Thu Jan 07, 2016 6:50 pm

Design is foolproof and simple. Prepared in case of eoip fail. When fails - both locations work independently without obstacles. ISP provider on one site is of poor quality.
No. It's not.

Routing IP solves your problem, but without the headache you're experiencing from breaking conventions.

You're experiencing a problem that shouldn't happen in the first place and looking for a solution to it. You're having to keep two sub-ranges of the LAN as separate pools in separate servers, and server 1 must give a different default GW IP address (and maybe even different dns server) etc - if hosts on the wrong side get the wrong info, then things are sub-optimal at best, broken at worst.....

If a zoo keeper came to you and said he was having problems with alligators eating his lemurs, you would say "don't put the lemurs and alligators in the same enclosure"

If you're routing between the two networks and EoIP fails, then both networks just stop being able to reach each other, but they're independent of each other for local and internet functionality. Each network is its own self-contained entity and doesn't need to balance carefully with a different location sharing the same network.

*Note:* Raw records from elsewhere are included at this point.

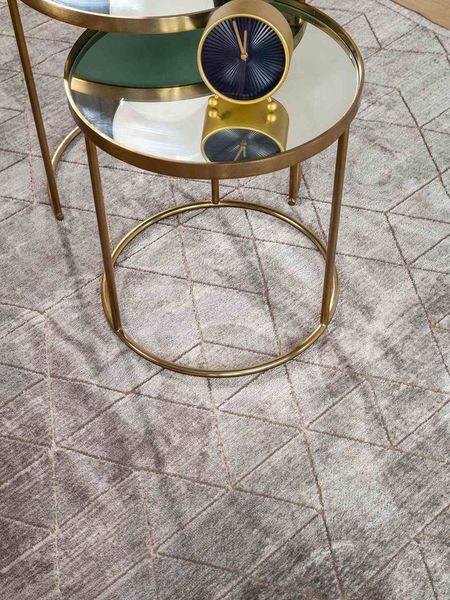 RUG/BENUT/DAISY_BENUTA/GREY/66x110 zdjęcie 3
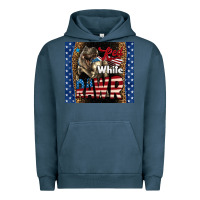 Pigment Midnight Navy Western Red White Rawr Dinosaur Urban Hoodie - LillyAllenDesigns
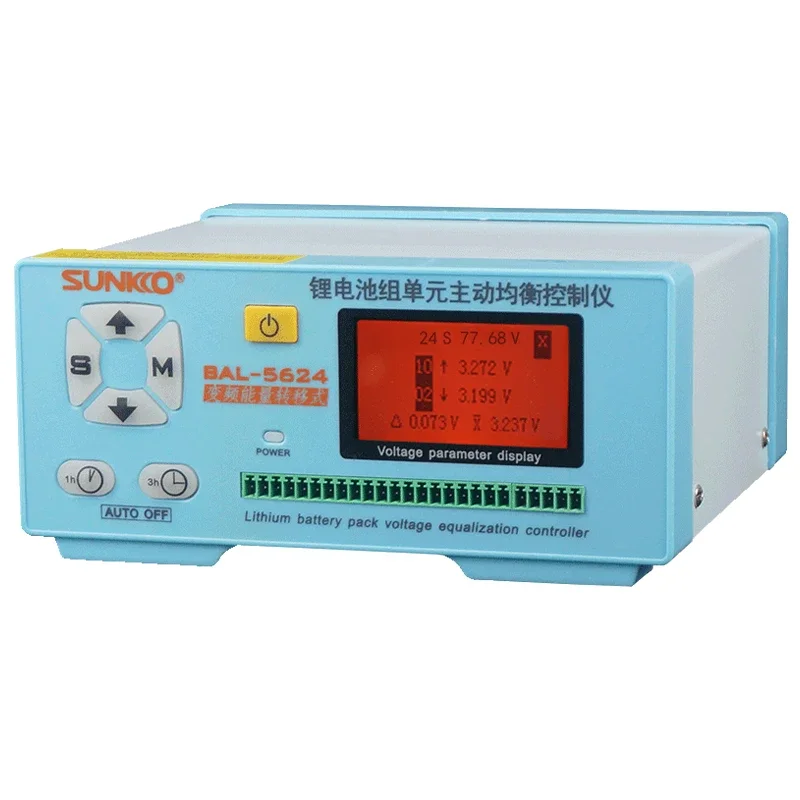 

In stockSUNKKO BAL 5624 Lithium Battery Pack 24 Series Active Balancing Repair Instrument 8A Recovery Voltage Difference HD LCD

Here's how to use routing:
on R1, set 192.168.1.1/24 as the LAN, DHCP, etc. and set 192.168.255.1/24 as the IP address on EoIP interface.
(no bridging)
configure a static route: 192.168.2.0/24 gateway=192.168.255.2

On R2, set 192.168.2.1/24 as the LAN, DHCP, etc. and set 192.168.255.2/24 as the IP address on EoIP interface.
(no bridging)
configure a static route 192.168.1.0/24 gateway=192.168.255.1

Make sure that in each router, your masquerade rule does not match for traffic going across the EoIP tunnel.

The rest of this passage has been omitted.